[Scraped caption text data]
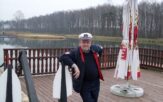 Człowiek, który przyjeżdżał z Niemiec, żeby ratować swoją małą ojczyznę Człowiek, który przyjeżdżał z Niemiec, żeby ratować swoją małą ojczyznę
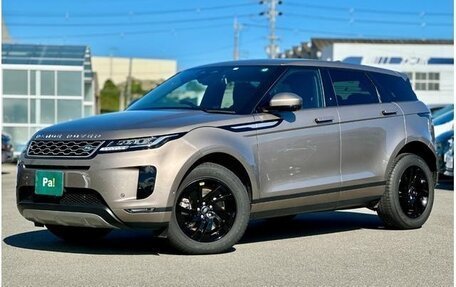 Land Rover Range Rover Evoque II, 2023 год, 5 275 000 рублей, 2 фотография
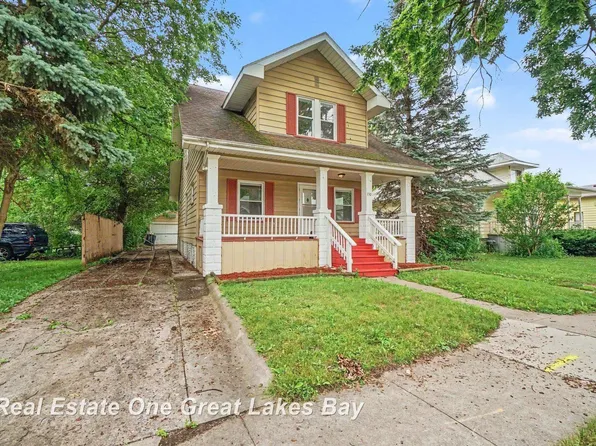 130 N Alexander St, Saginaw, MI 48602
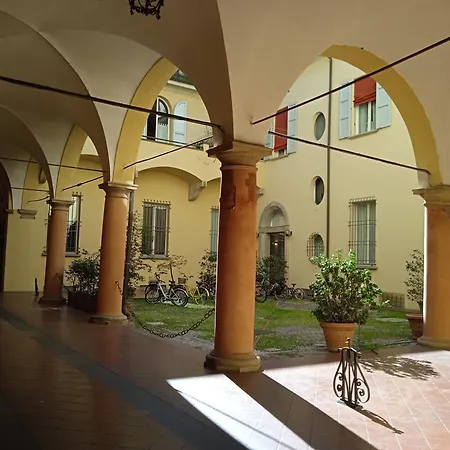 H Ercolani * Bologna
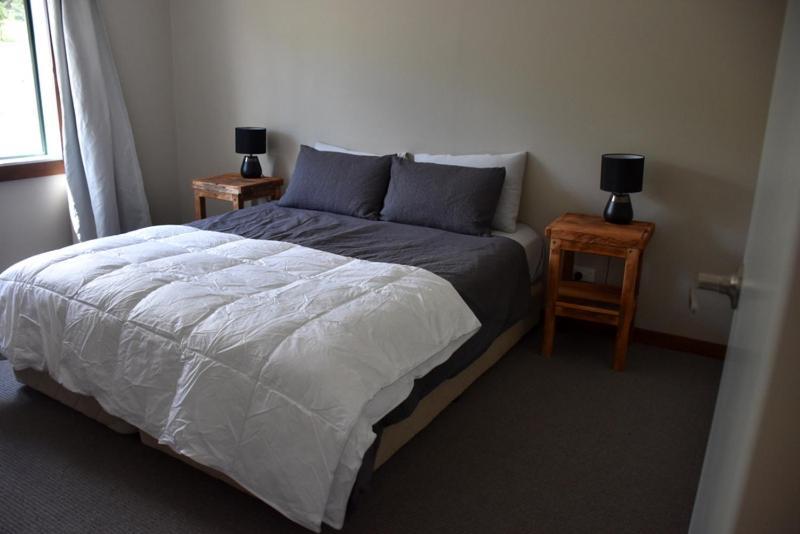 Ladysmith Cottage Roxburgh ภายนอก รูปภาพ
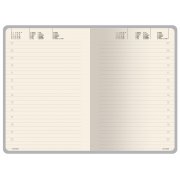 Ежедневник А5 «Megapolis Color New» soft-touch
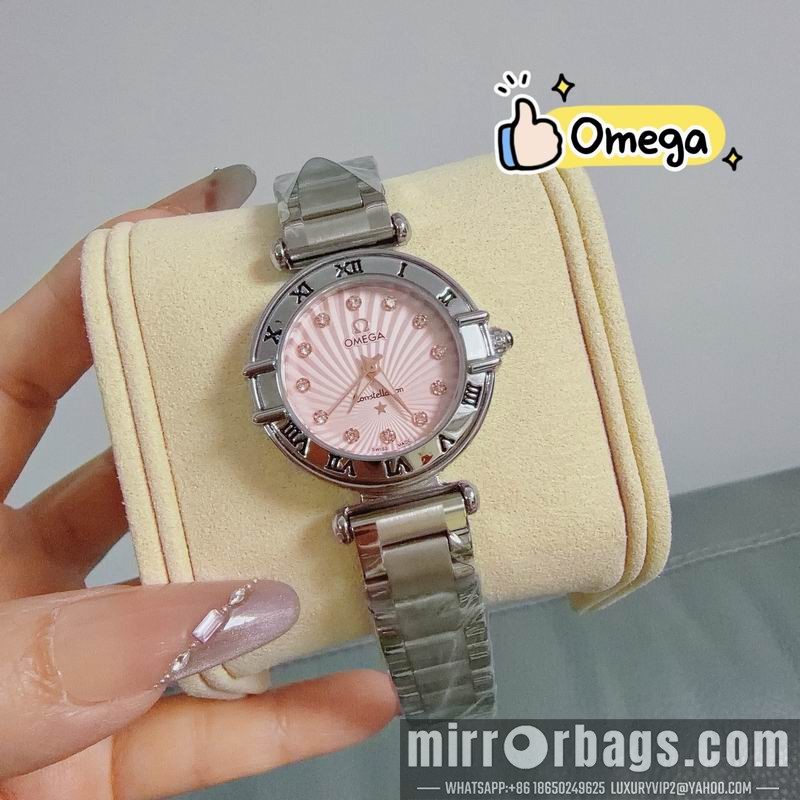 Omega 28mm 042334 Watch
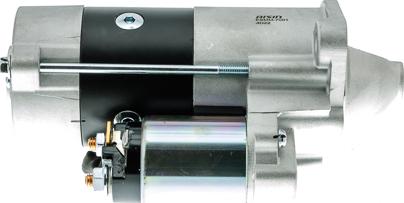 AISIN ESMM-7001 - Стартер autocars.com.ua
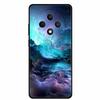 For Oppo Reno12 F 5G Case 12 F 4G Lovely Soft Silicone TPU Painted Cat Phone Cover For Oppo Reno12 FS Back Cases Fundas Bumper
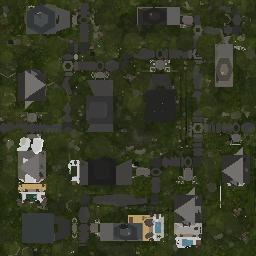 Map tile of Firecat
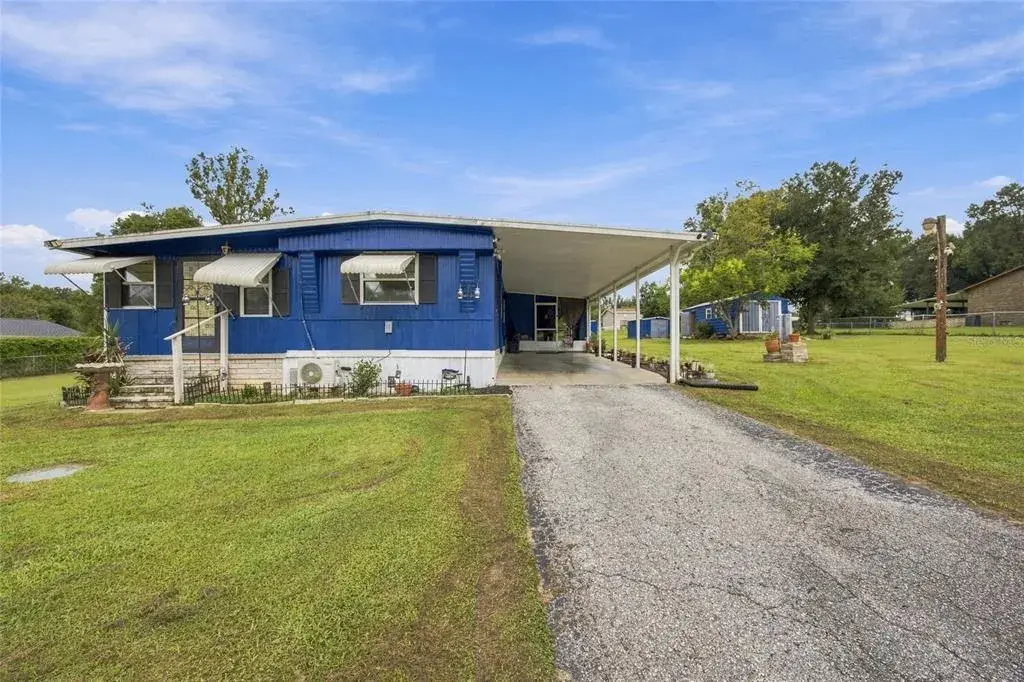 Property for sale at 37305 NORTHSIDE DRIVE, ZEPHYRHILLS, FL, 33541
---
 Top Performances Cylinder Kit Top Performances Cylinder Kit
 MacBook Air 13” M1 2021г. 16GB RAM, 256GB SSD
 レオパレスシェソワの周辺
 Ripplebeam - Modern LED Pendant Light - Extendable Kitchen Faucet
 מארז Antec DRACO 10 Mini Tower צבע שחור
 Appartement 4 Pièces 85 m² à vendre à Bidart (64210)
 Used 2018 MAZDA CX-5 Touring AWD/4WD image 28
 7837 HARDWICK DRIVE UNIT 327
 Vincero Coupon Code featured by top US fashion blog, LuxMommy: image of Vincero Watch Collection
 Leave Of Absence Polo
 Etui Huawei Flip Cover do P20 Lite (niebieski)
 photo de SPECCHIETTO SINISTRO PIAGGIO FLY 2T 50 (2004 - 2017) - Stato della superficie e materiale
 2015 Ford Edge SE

- YOUR OBJECTIVE -
Although pictures appear among the records above, none are to be output; print exactly the lines from the line containing "Ladysmith Cottage Roxburgh ภายนอก รูปภาพ" through the line containing "Property for sale".

- SOLUTION -
 Ladysmith Cottage Roxburgh ภายนอก รูปภาพ
 Ежедневник А5 «Megapolis Color New» soft-touch
 Omega 28mm 042334 Watch
 AISIN ESMM-7001 - Стартер autocars.com.ua
 For Oppo Reno12 F 5G Case 12 F 4G Lovely Soft Silicone TPU Painted Cat Phone Cover For Oppo Reno12 FS Back Cases Fundas Bumper
 Map tile of Firecat
 Property for sale at 37305 NORTHSIDE DRIVE, ZEPHYRHILLS, FL, 33541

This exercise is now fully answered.